Metadata-Version: 2.4
Name: pun_nlp
Version: 0.0.9
Summary: A robust NLP pipeline for stemming, lemmatization, and vectorization
Home-page: https://github.com/PunVas/pun_nlp
Author: Puneet Vaswani
Author-email: vaswaniusham2212@gmail.com
Classifier: Programming Language :: Python :: 3
Classifier: Operating System :: OS Independent
Requires-Python: >=3.7
Description-Content-Type: text/markdown
License-File: LICENSE
Requires-Dist: nltk
Requires-Dist: spacy
Requires-Dist: scikit-learn
Dynamic: author
Dynamic: author-email
Dynamic: classifier
Dynamic: description
Dynamic: description-content-type
Dynamic: home-page
Dynamic: license-file
Dynamic: requires-dist
Dynamic: requires-python
Dynamic: summary

# pun_nlp
[![PyPI Downloads](https://static.pepy.tech/badge/pun-nlp)](https://pepy.tech/projects/pun-nlp)

## Overview
pun_nlp is a robust NLP abstraction layer designed to simplify text processing and vectorization.
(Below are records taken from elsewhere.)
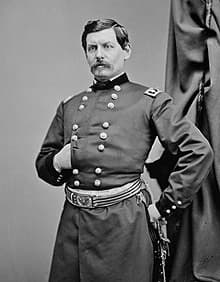 Photo of George B. McClellan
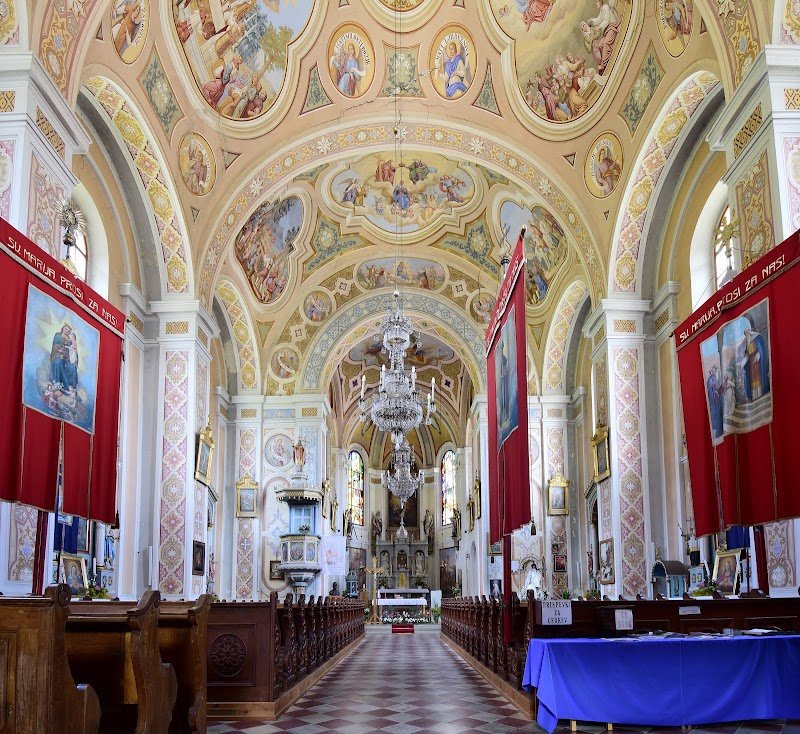 Sv. Marija Zvezda - dodatna slika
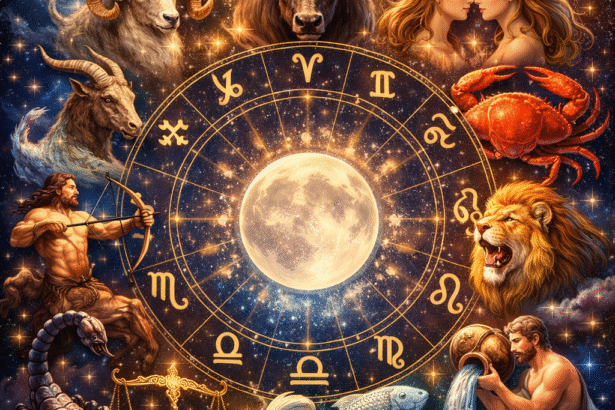 Segni zodiacali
It handles dependency management, resource downloading, and text preprocessing automatically, so you don't have to write boilerplate code.
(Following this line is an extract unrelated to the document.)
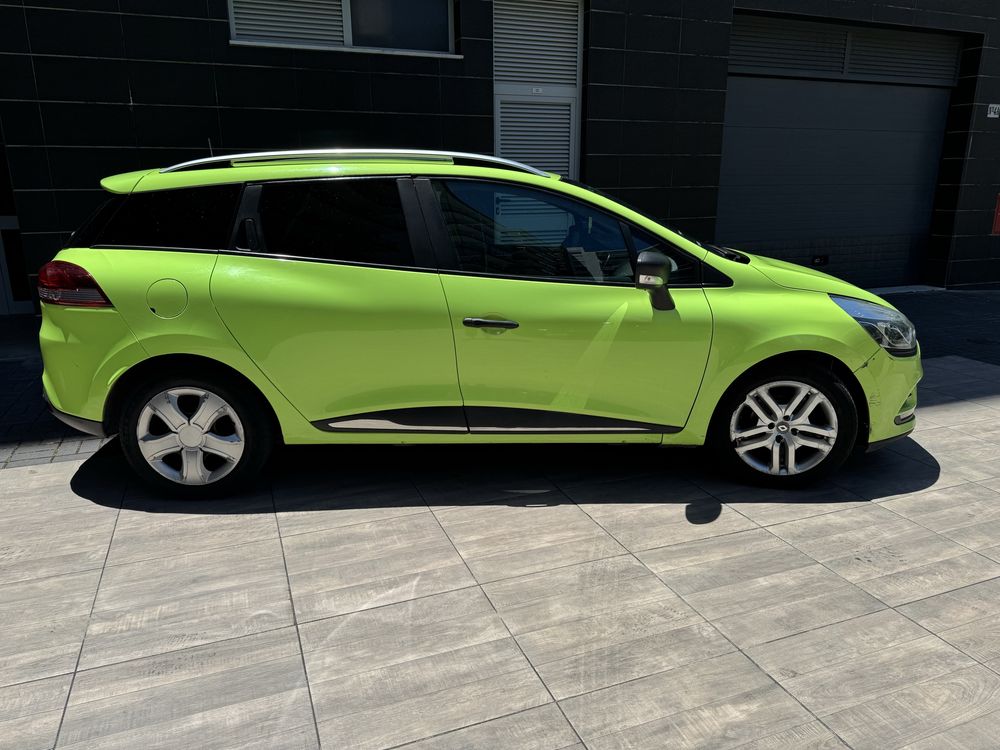 Renault Clio 1.5 DCI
It solves common issues with NLTK downloads and path errors by implementing a robust, lazy-loading resource manager that works in restricted environments like Kaggle and corporate servers.

## Features
-   **Robust Resource Management**: Automatically handles NLTK/Spacy downloads and SSL errors.
-   **Lazy Loading**: Resources are only loaded into memory when needed.
-   **Type Safety**: Prevents invalid combinations of operations (like vectorizing POS tuples).
-   **Unified API**: Process single strings, lists, or 2D arrays of text with one method.
-   **Seamless Vectorization**: Integrates directly with Scikit-Learn's TF-IDF and Count vectorizers.

## Installation
```bash
pip install pun_nlp
```

## Usage

### Basic Pipeline
```python
from pun_nlp import NLPProcessor

# Initialize with desired flags
p = NLPProcessor(
    tokenize=True, 
    stem=True, 
    remove_stopwords=True,
    normalize=True
)

text = "The QUICK brown foxes are running fast!"

# Automatically handles downloads and processing
print(p.process(text))
# Output: ['quick', 'brown', 'fox', 'run', 'fast']
```

### NER & POS Tagging
```python
# NER (Case sensitive checking happens before normalization)
p_ner = NLPProcessor(ner=True)
print(p_ner.process("Apple Inc. is hiring in California."))
# Output: [('Apple Inc.', 'ORG'), ('California', 'GPE')]

# POS Tagging (Tags tokens correctly before stemming)
p_pos = NLPProcessor(pos_tagging=True, stem=True)
print(p_pos.process("The boys are likely running."))
# Output: [('the', 'DT'), ('boy', 'NNS'), ('are', 'VBP'), ('like', 'RB'), ('run', 'VBG')]
```

### Vectorization
```python
p_vec = NLPProcessor(vectorize="tfidf", stop_words=True)
corpus = [
    "Machine learning is fascinating.",
    "Natural language processing is a subset of AI."
]

p_vec.fit_vectorizer(corpus)
vectors = p_vec.transform_texts(corpus)
print(vectors.shape)
```

## Configuration
| Parameter | Description |
|-----------|-------------|
| `stem` | Enable stemming (PorterStemmer). |
| `lemmatize` | Enable lemmatization (WordNet). |
| `vectorize` | "tfidf", "count", or None. |
| `tokenize` | Force return of token list. |
| `remove_stopwords` | Remove English stopwords (Case-insensitive). |
| `pos_tagging` | Return (Word, Tag) tuples. |
| `ner` | Return Entity tuples (Uses Spacy). |
| `normalize` | Lowercase & remove punctuation. |
| `backend` | "nltk" (default) or "spacy". |

## License
MIT License. See [LICENSE](LICENSE) for details.